The Apollo Belvedere. First, the Randon engraving:
(#3) Apollo of the Belvedere: another heroic male nude; note the quiver of arrows on the god’s back
Now the statue, from Wikipedia, with the sad story of the work’s reception by (British) art critics:
The Apollo Belvedere (also called the Belvedere Apollo, Apollo of the Belvedere, or Pythian Apollo) is a celebrated marble sculpture from classical antiquity./
The work has been dated to mid-way through the 2nd century A.D. and is considered to be a Roman copy of an original bronze statue created between 330 and 320 B.C. by the Greek sculptor Leochares. It was rediscovered in central Italy in the late 15th century during the Italian Renaissance and was placed on semi-public display in the Vatican Palace in 1511, where it remains. It is now in the Cortile del Belvedere of the Pio-Clementine Museum of the Vatican Museums complex.
From the mid-18th century it was considered the greatest ancient sculpture by ardent neoclassicists, and for centuries it epitomized the ideals of aesthetic perfection for Europeans and westernized parts of the world.

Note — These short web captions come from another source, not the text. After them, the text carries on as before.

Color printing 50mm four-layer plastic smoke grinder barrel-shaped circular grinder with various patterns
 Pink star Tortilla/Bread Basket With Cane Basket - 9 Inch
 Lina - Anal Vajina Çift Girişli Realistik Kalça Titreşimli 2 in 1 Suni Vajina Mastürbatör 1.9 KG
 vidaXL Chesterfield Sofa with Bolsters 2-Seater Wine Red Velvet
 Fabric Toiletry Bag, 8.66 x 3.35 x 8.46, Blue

… The Romantic movement was not so kind to the Apollo’s critical reputation. [The critic] William Hazlitt (1778–1830) … was not impressed and dismissed it as “positively bad”. The eminent art critic John Ruskin (1819–1900) wrote of his disappointment with it.
Finally, starting something of a trend among some later commentators, the art critic Walter Pater (1839–1894) adverted to the work’s homoerotic appeal by way of explaining why it had been so long lionized. The opinion was not widely accepted. Nevertheless, the work retained much popular appeal and casts of it were abundant in European and American public places (especially schools) throughout the 19th century.
The critical reputation of the Apollo continued to decline in the 20th century, to the point of complete neglect.
Now, I’m not trained in art history or criticism, but I have plenty of experience judging homoerotic appeal. I can tell you that J.C. Leyendecker’s Mercury is definitely hot:
(#5) Mercury and his (phallic) caduceus (plus his delightful flying shoes); we don’t see much of his handsome face, but his muscular body is prominently on display, thanks to the pose JCL has put him in
In contrast, Apolllo’s body in #4 is pretty much the standard heroic male nude body of Classical statuary. What makes him stand out is his delicately beautiful face (and neck). In fact, the head of the Belvedere Apollo became a notable art object in its own right:
(#6) Close-up of the head (also letting us see the quiver more clearly)
#6 (minus the quiver) has been the source, over centuries, of innumerable reproductions and variations for sale (ranging from the faithful to the downright tacky). Beautiful Apollo lives on in the popular imagination.